You know their names. You have their credit cards on file. You have their mailing addresses, phone numbers, or email addresses.

This email that you’re reading is being sent via a direct distribution channel known as an email newsletter.

I have your email address. You’ve given me permission to communicate with you.

From time to time, I send you opportunities to buy products or services that I think would be a good fit for you.

Other forms of direct distribution channels include having your own retail stores, an outbound telemarketing center, eCommerce websites, direct mail catalogs, and television infomercials.

An “indirect” distribution channel is one where you sell your products or services through an intermediary.

For example, I use Amazon.com as an indirect distribution channel for my book Case Interview Secrets.
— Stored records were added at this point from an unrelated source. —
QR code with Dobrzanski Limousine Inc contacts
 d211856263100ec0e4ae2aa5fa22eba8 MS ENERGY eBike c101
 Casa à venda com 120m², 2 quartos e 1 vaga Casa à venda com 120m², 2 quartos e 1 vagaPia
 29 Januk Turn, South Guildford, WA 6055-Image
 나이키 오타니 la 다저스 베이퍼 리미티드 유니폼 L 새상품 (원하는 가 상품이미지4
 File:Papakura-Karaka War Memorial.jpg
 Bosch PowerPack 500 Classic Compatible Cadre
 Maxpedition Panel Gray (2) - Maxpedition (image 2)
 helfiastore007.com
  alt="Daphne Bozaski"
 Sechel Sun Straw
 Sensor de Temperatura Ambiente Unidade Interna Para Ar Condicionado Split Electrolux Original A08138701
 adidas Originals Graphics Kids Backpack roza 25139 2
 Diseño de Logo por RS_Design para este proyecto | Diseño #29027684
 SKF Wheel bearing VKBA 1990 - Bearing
When you buy my book from Amazon, Amazon has your contact information. They have your credit card on file. They know your shipping address.

I don’t receive any of that information as a result of that purchase transaction.

Other examples of indirect channels include:

  • Selling your product through resellers (such as Coca-Cola selling Coke at Walmart);
  • Selling your product with a value-added channel partner (such as Oracle selling software through Accenture IT consultants that offer a systems integration consulting engagement which includes Oracle software);
  • Selling your product embedded in somebody else’s (such as Samsung mobile phone displays being sold as a part of an iPhone).

Choosing which category of distribution channel to use and which specific channel within each category is a profoundly strategic decision.

These decisions have major tradeoffs.

Indirect channels usually give you access to large groups of customers you have no means to reach directly.

For example, Amazon reaches far more potential buyers of books than I do through my website. This is a huge advantage.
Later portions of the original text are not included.